Air pollution harms health across the UK, but the burden isn’t shared equally. The communities breathing the most polluted air are those already facing racial and economic injustice. The Environmental Audit Committee’s (EAC) new inquiry is a chance to change that.
Why the Environmental Audit Committee’s inquiry matters
In December 2025, the EAC announced its inquiry into air quality, following a public call for pitches, including one made on behalf of the clean air sector by Jemima Hartshorn of Mums for Lungs and Dr Nat Easton of the University of Southampton. The committee’s cross-cutting remit makes it well placed to act on an issue that spans many government departments, and its inquiry is likely to inform the Government’s next Air Quality Strategy.
When the inquiry was announced, the committee’s chair, Toby Perkins, described air pollution as an issue of equality, noting that it is often the poorest in society who are most exposed to its health harms. That framing is welcomed by the sector.
To help address the issue of inequality, we partnered with Green Alliance to organise a site visit bringing committee members into Southwark, around Old Kent Road, to meet the people living with the consequences of air pollution. We’ve written separately about why we believe policy should be made collaboratively with affected communities at the centre. This article is about what we want to see the EAC advocating for.
Air quality and equity
The committee already recognises that air quality is an equity issue, but its focus has been narrowly on poverty. The reality is more layered: exposure, risk and power break down along lines of race as well as income. Good policy must begin from that fuller picture and from a simple principle that clean air is a right, not a privilege of where you can afford to live. Everything below follows from that.
What are good air quality policies?
A legal right to clean air
The clearest ask to emerge from the day was a new Clean Air Act, in the spirit of Ella’s Law, with a binding pathway to the World Health Organization’s air quality guideline levels, interim targets along the way, and accountability to affected communities at each step.
By the end of the visit there was unified support in the room for it. When MPs asked whether London, with its relatively strong transport network, really needed to do more, the answer was clear: cost, reliability and coverage still fail many residents, and even the best city in the UK trails cities like Paris and Copenhagen. The ambition should be to lead, not to settle.
Equity built into policy
If policy is to reduce inequalities the communities most affected need to be involved meaningfully. And they must be paid for their time and expertise, rather than consulted as an afterthought.
Measuring equity impacts
Meaningfully embedding equity also means mechanisms such as citizens’ assemblies to bring people into decisions, and equity impact assessments which would track what actually happens to inequalities after an intervention rather than just whether average pollution levels fall.

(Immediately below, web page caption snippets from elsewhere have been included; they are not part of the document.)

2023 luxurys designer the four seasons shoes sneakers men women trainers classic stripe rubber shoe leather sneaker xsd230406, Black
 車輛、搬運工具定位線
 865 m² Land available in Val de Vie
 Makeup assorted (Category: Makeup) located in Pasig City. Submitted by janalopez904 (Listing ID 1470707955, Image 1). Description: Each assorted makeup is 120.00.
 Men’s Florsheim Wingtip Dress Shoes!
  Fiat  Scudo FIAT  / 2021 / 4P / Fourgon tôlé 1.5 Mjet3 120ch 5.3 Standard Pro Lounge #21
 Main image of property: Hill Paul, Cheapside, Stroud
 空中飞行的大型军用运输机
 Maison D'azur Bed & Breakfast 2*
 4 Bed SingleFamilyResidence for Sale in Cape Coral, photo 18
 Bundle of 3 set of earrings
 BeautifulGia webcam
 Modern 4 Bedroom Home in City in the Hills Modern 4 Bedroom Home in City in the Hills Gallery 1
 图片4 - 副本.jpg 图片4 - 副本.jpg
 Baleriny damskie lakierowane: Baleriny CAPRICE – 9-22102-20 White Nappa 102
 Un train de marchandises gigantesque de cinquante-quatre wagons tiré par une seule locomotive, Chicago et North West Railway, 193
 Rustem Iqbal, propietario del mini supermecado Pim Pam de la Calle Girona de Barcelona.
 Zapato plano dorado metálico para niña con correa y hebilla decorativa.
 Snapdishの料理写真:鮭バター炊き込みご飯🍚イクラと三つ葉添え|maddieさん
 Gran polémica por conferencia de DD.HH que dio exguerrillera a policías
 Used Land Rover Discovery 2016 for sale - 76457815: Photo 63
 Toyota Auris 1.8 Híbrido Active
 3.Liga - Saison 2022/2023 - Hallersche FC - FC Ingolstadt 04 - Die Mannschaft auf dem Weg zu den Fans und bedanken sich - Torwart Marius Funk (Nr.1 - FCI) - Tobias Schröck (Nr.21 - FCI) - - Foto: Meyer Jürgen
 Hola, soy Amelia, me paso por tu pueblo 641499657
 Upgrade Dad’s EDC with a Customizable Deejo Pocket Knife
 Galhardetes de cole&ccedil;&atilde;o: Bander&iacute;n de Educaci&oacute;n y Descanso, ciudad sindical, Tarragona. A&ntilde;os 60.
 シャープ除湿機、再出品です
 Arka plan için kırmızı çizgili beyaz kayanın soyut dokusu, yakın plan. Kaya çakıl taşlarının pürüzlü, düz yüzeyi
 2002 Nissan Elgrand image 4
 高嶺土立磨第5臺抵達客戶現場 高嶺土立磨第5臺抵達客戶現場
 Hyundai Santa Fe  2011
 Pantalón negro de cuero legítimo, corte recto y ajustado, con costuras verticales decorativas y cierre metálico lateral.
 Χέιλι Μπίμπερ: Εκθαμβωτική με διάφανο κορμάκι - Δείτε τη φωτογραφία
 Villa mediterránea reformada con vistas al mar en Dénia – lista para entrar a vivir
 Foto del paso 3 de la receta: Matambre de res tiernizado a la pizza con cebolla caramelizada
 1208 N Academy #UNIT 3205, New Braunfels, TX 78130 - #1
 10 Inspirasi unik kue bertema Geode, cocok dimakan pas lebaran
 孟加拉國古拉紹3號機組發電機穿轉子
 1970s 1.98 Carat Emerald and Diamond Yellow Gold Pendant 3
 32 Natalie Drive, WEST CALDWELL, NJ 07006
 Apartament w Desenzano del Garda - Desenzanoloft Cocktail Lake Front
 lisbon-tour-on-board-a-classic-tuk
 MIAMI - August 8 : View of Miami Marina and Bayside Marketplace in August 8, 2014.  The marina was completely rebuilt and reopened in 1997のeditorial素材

Reducing pollution at source
The pollution that harms urban communities is concentrated by traffic, freight and construction, and policy should address it where it is produced. At Surrey Square Primary School, beside the busy Old Kent Road, pupils are already designing cleaner routes to school and rethinking how their streets work. It was inspiring and a reminder that children should not have to campaign for the air they breathe. Government needs to do far more to reduce air pollution at source and protect the children who live, walk and learn next to our most polluted roads.
A fair playing field for responsible businesses
At the Tustin Estate, the construction firm Bouygues showed how it’s going beyond the standards set by the Greater London Authority to cut pollution from sites to protect workers and nearby residents.
Local powers to deliver
Ambition needs structure: targets fit for protecting health, adequate statutory powers and long-term funding for local and devolved authorities doing the work.
What success looks like
In the short term, success means an EAC report with recommendations that match the priorities we heard on the day. In the long term, it means equitable action on air pollution, meaning reductions overall and where they are needed most.